- Video cover
- Screenplay by: Peter Buckman
- Story by: Peter Shaw
- Directed by: John Schlesinger
- Starring: Ben Kingsley Joanna Lumley
- Music by: Richard Rodney Bennett
- Countries of origin: Ireland United States
- Original language: English

Production
- Producer: Ted Swanson
- Cinematography: Martin Fuhrer
- Editor: Mark Day
- Running time: 92 minutes

Original release
- Network: Showtime
- Release: April 19, 1998

= The Tale of Sweeney Todd =

The Tale of Sweeney Todd is a 1997 American crime-drama/horror television film directed by John Schlesinger and starring Ben Kingsley and Joanna Lumley. The teleplay by Peter Buckman was adapted from a story by Peter Shaw. Prior to broadcast, the film had its world premiere at the Hamptons International Film Festival in October 1997. It was broadcast in the United States by Showtime on April 19, 1998, and released on videotape in France the following month. It later was released as a feature film in select foreign markets.

==Plot==
Set in 18th century London, the story focuses on Sweeney Todd (Ben Kingsley), a murderous barber whose business provides him with two profitable sidelines: the sale of his victims' jewelry and the disposal of their bodies to his mistress Mrs. Lovett (Joanna Lumley), who uses them to prepare meat pies for her unsuspecting clientele.
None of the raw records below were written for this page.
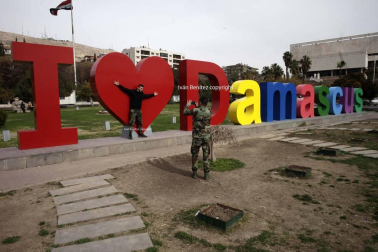 Callejeando por la capital siria, en pleno frente de guerra, sorprende la cotidianidad de la vida. Una pareja se regala miradas y un ramo de flores, un grupo de niños sale del colegio, dos universitarias comen en una terraza...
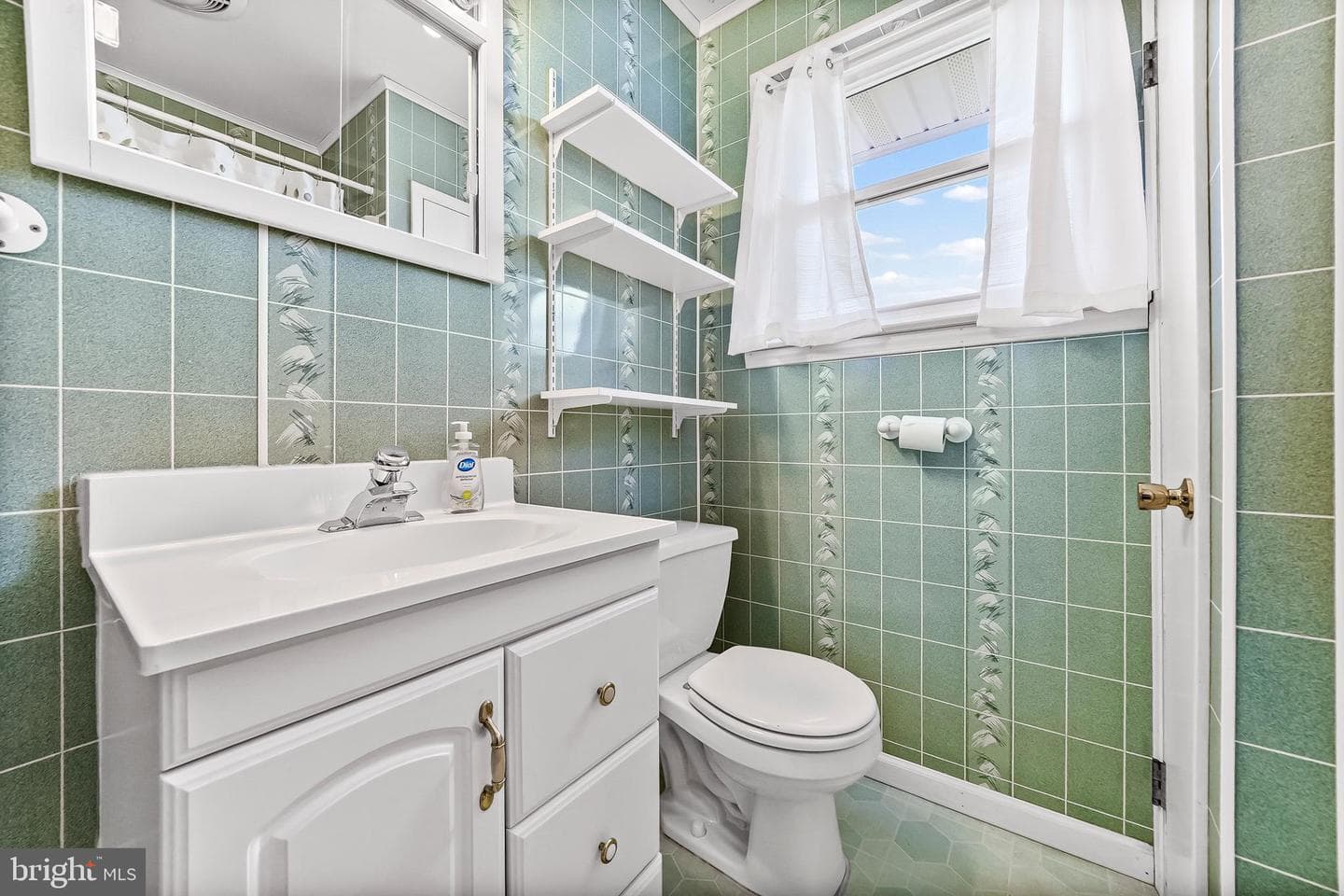 3195 Richard Road photo 6
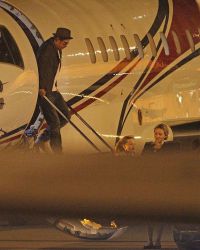 Инцидент якобы произошел на борту самолета, в котором летела семья Джоли-Питта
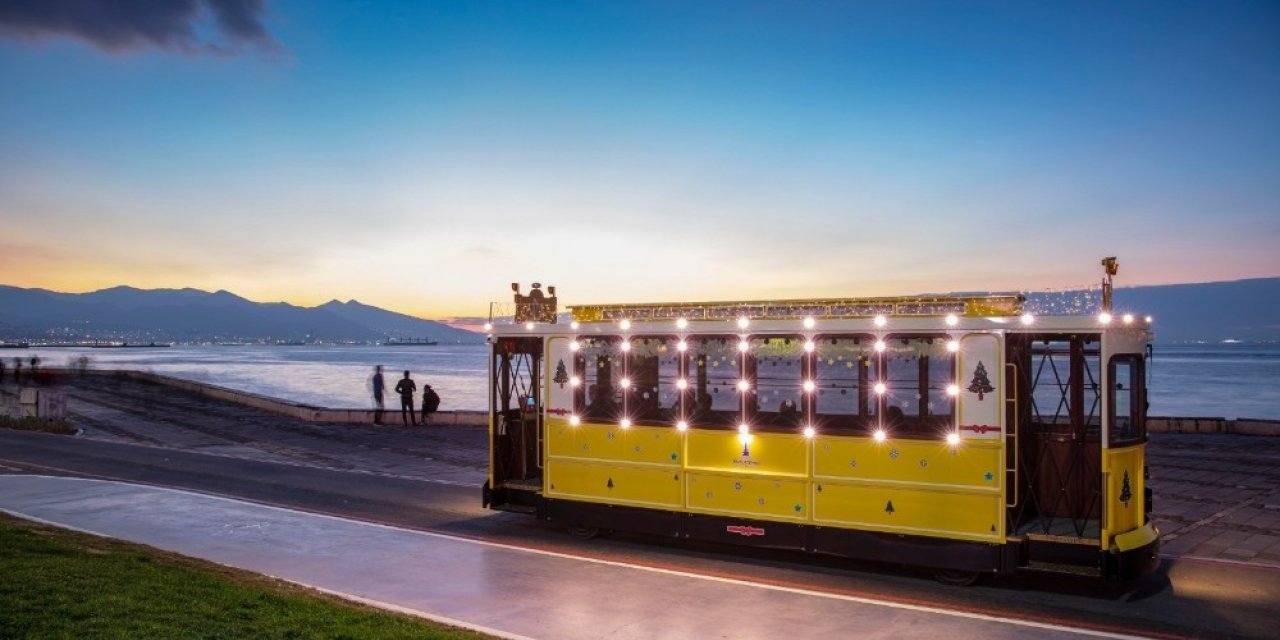 Nostaljik tramvay Çiğdem yeni yıl için süslendi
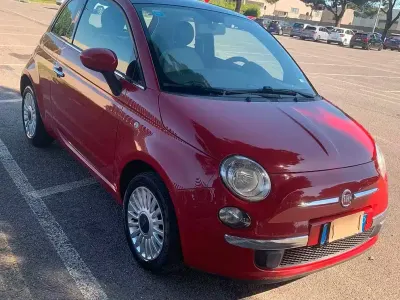Usata Fiat 500 Lounge 100 CV (73 kW) 2011 Rosso Berlina
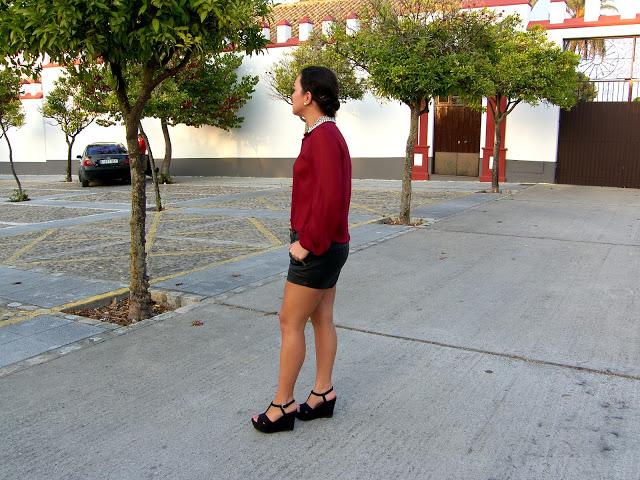 LEATHER + PEARL NECK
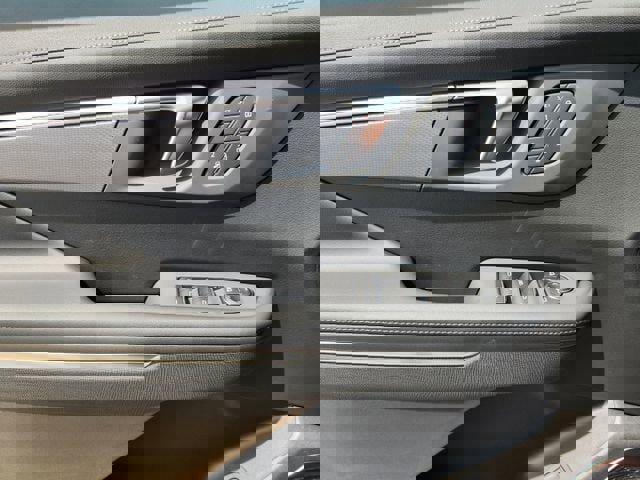 New 2025 Buick Enclave Sport Touring w/ Super Cruise Package image 33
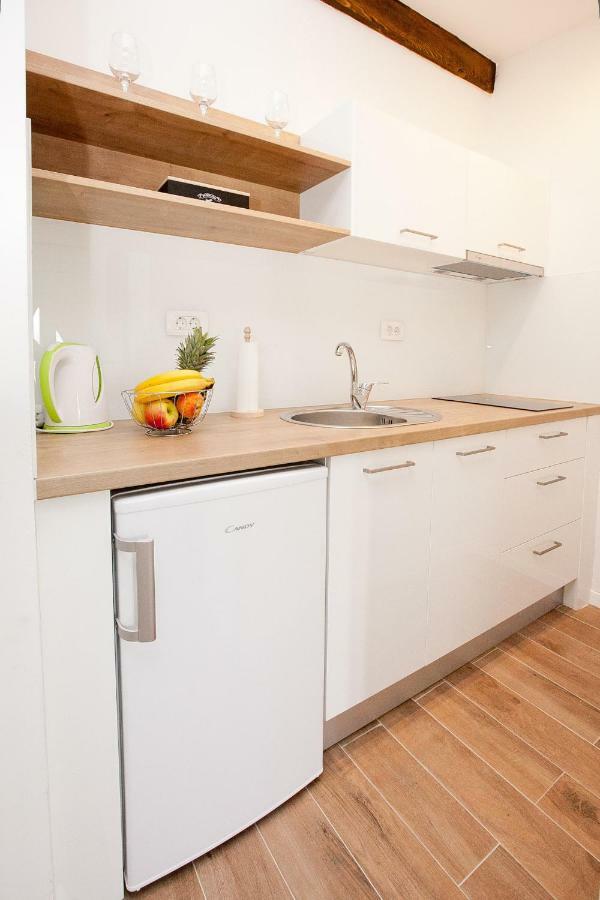 Studio Apartments Tara Zadar Exterior photo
Ben Carlyle (Campbell Scott), a representative of an American jeweler, arrives in the city to track down wealthy diamond merchant Alfred Mannheim and $50,000 worth of diamonds he had sold to Carlyle's employers but failed to deliver on time. Mannheim's assistants inform Carlyle that their boss disappeared without a trace weeks earlier, and he posts notices offering a reward for information leading to Mannheim's discovery.

Charlie (Sean Flanagan), a mute orphan who works as an assistant to Todd, recognizes Mannheim as a man the barber had shaved just prior to his disappearance. Todd finds out and imprisons the boy in his basement to silence him. Meanwhile, Carlyle seeks the assistance of local policemen and an amiable serving wench named Alice, who happens to be Todd's ward, with his quest. When his suspicions about the ingredients of Mrs. Lovett's pies are all but confirmed by a chemist, he sneaks inside by hiding in a burlap sack used for her flour delivery. Upon seeing human flesh being cut up for the next batch of pies, he manages to subdue Mrs. Lovett and ties her to a meat hook, before alerting the police so she will be arrested.
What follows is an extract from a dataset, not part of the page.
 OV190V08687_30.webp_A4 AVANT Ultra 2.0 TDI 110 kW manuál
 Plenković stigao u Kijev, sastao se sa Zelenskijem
Carlyle attempts to visit Todd's shop in disguise, but the barber is able to overpower him. As he prepares his instruments to torture Carlyle to death, he explains what led him to a life of murder and cannibalism. Charlie, who has managed to free himself from his shackles, stabs Todd in the back and kills him. He then frees Carlyle, who sets the building on fire before escaping with the boy. Finally, he obtains the keys to Mannheim's safe.

==Production==
The character of Sweeney Todd, the Demon Barber of Fleet Street, originated in an 1846–47 penny dreadful entitled The String of Pearls. In 1847, George Dibdin Pitt adapted the story for a stage melodrama. A 1936 British film directed by George King was the first screen version. Christopher Bond's 1973 stage adaptation was musicalized by Stephen Sondheim in 1979. Schlesinger's film is a dramatic departure from the previous narratives. It dispenses with all the characters except Todd and Lovett, adds the plotline involving the missing diamonds, and offers a completely different reason for Todd's murder spree.
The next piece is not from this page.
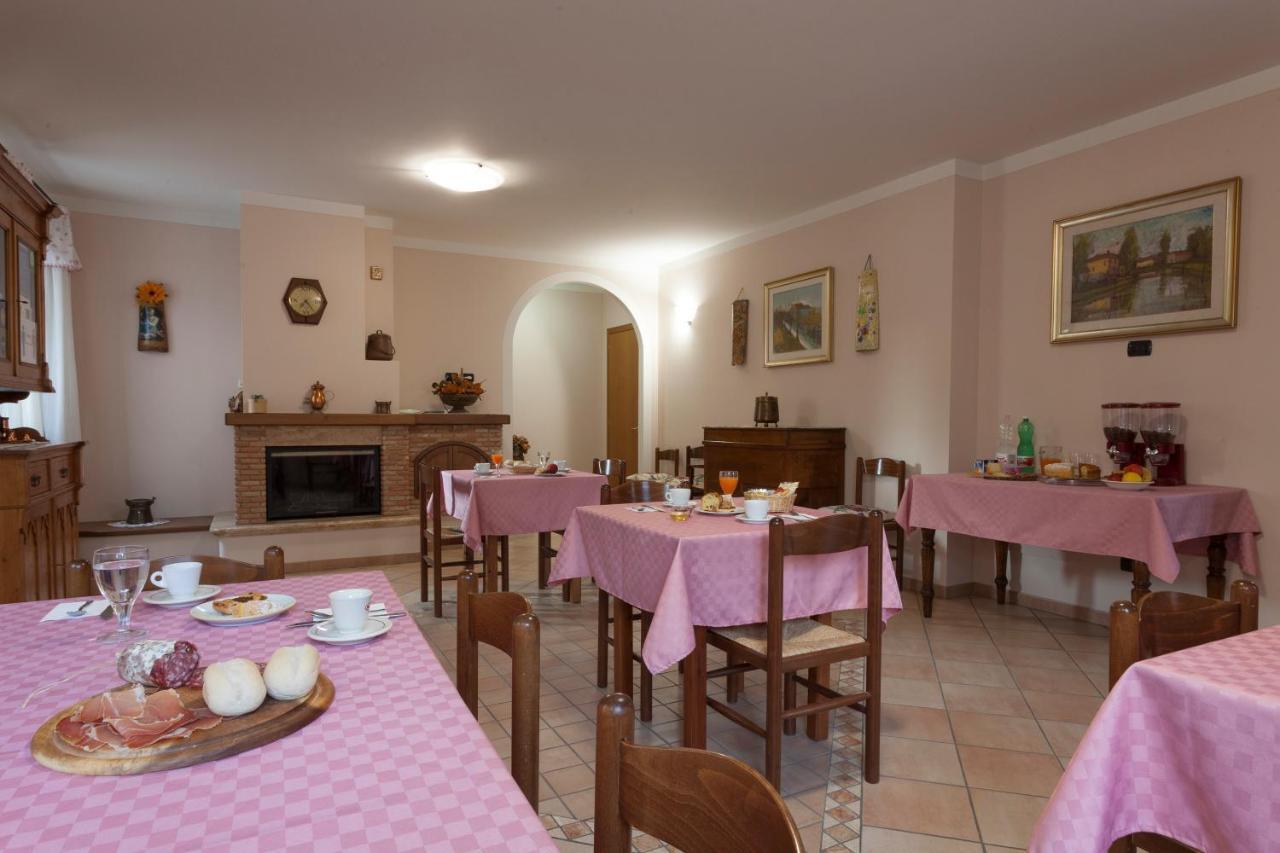 Agriturismo La Panoramica Villa Assisi Bagian luar foto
The Georgian era locales were filmed in Dublin, Ireland.

Prior to broadcast, the film had its world premiere at the Hamptons International Film Festival in October 1997.

==Critical reception==
In his review in New York, John Leonard said, "Much as I’d have imagined that yet another version of The Tale of Sweeney Todd would be at best inadvisable, Kingsley... is a class-war wonder to behold... Even more of a surprise than Kingsley’s performance is that director John Schlesinger, so very serious in movies like Midnight Cowboy and Marathon Man, would have so much fun with this blackest of humors."

Daryl Miller of the Los Angeles Times stated, "It is made of seemingly high-quality elements . . . yet it falls flat because of an ill-conceived script and directorial miscalculation."

==Awards and nominations==
Ben Kingsley was nominated for the Screen Actors Guild Award for Outstanding Performance by a Male Actor in a Miniseries or Television Movie but lost to Christopher Reeve for Rear Window.

==Home media==
The film was released on DVD in January 2008.